QR Iteration

QR Iteration#

The derivations from orthogonal iteration lead to the celebrated QR iteration method, a fundamental algorithm for computing the Schur decomposition and eigenvalues of a matrix.

In the QR iteration, we focus on computing the sequence of matrices:

\[ T_k = Q_k^H A Q_k \]

where \(Q_k\) is the sequence of orthogonal matrices produced by the method of orthogonal iteration.

Let’s consider the relationship between \(T_k\) and the next matrix in the sequence, \(T_{k+1}\):

\[ T_{k+1} = Q_{k+1}^H A Q_{k+1} \]

Our goal is to find a way to compute \(T_{k+1}\) directly from \(T_k\) without needing to compute \(A\) or the full \(Q_k\) matrices.

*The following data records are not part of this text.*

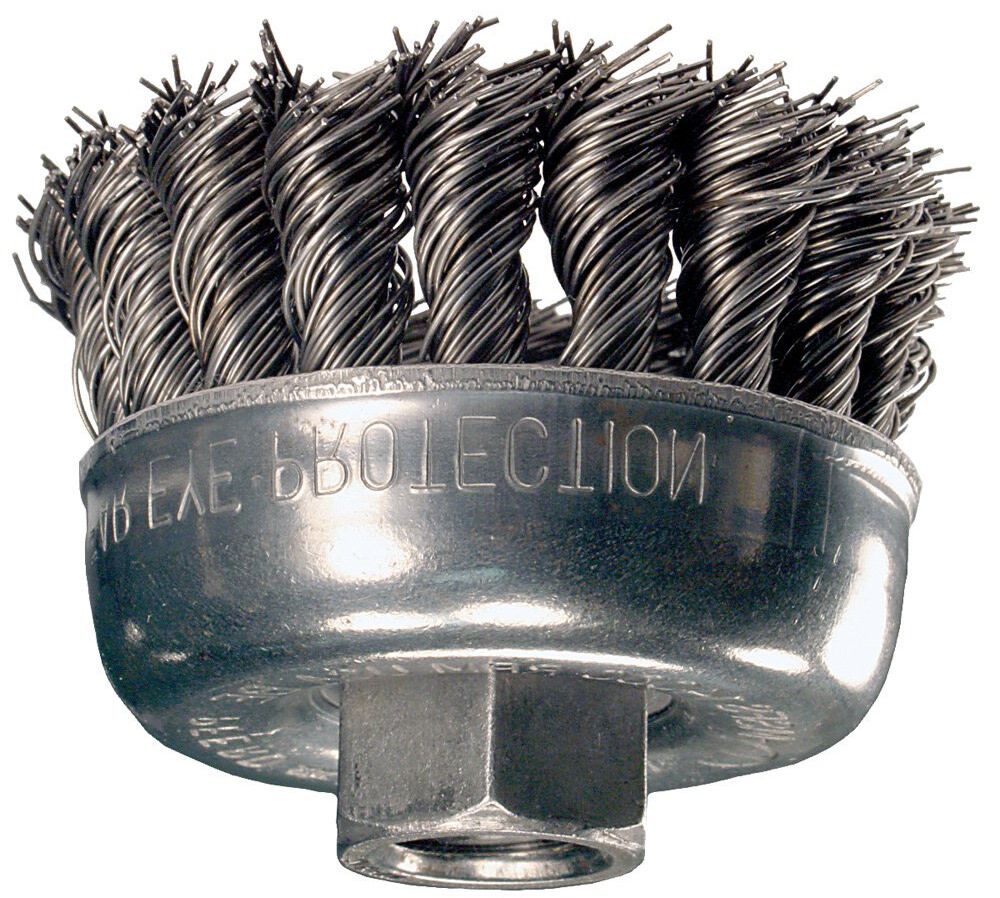 2-3/4in Knot Wire Cup Brush - .020 CS Wire 5/8-11 Thread (ext.) 82220P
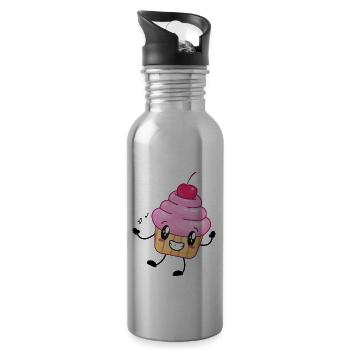 Cupcake muffin cartoon music character - Water bottle with straw - silver - Right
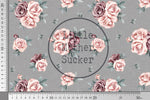 Lade das Bild in den Galerie-Viewer, Supersoft Premium French Terry "Rosie Roses" silver solid 0,5 m
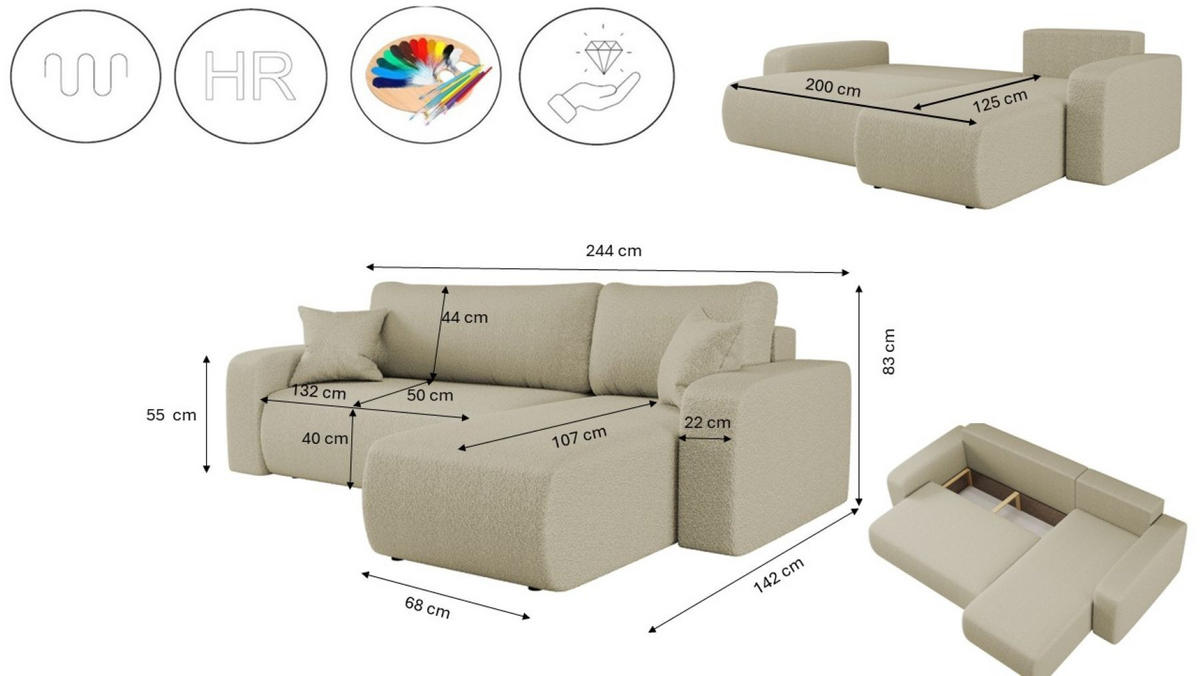 ECKSOFA L-FORM Schlaffunktion Und Bettkasten Eckcouch MILANO L Stoff Quelle Beige Rechts - Beige, Holz/Textil (244/142cm) - Kaiser Möbel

For the method of QR iteration, the matrix \(Q_k\) is assumed to be square (i.e., we are computing all eigenvalues of a square matrix \(A\)).

Derivation from Orthogonal Iteration#

The derivation proceeds in two main steps.

Step 1: Relate \(T_k\) to a QR Decomposition#

From the definition of orthogonal iteration, we have the relation \(A Q_k = Q_{k+1} R_{k+1}\). We can substitute this into the definition of \(T_k\):

\[ T_k = Q_k^H (A Q_k) = Q_k^H (Q_{k+1} R_{k+1}) \]

Let’s define a new unitary matrix \(U_{k+1}\) as:

\[ U_{k+1} \overset{def}{=} Q_k^H Q_{k+1} \]

As \(k\) increases, \(Q_k\) converges to the Schur orthogonal transformation. Therefore, \(U_{k+1}\) can be interpreted as a small incremental rotation that updates \(Q_k\) to \(Q_{k+1}\).

Substituting this definition, we get:

\[ T_k = U_{k+1} R_{k+1} \]

This equation is simply the QR decomposition of the matrix \(T_k\). This is a key insight: \(U_{k+1}\) and \(R_{k+1}\) can be found by performing a QR decomposition on \(T_k\), without any knowledge of \(A\), \(Q_k\), or \(Q_{k+1}\).

Step 2: Relate \(T_{k+1}\) to \(T_k\)#

Now let’s find an expression for \(T_{k+1}\) in terms of \(T_k\). We start with the definition \(T_k = Q_k^H A Q_k\), which (assuming \(Q_k\) is square) implies \(A = Q_k T_k Q_k^H\).

Substitute this expression for \(A\) into the definition of \(T_{k+1}\):

\[ T_{k+1} = Q_{k+1}^H A Q_{k+1} = Q_{k+1}^H (Q_k T_k Q_k^H) Q_{k+1} \]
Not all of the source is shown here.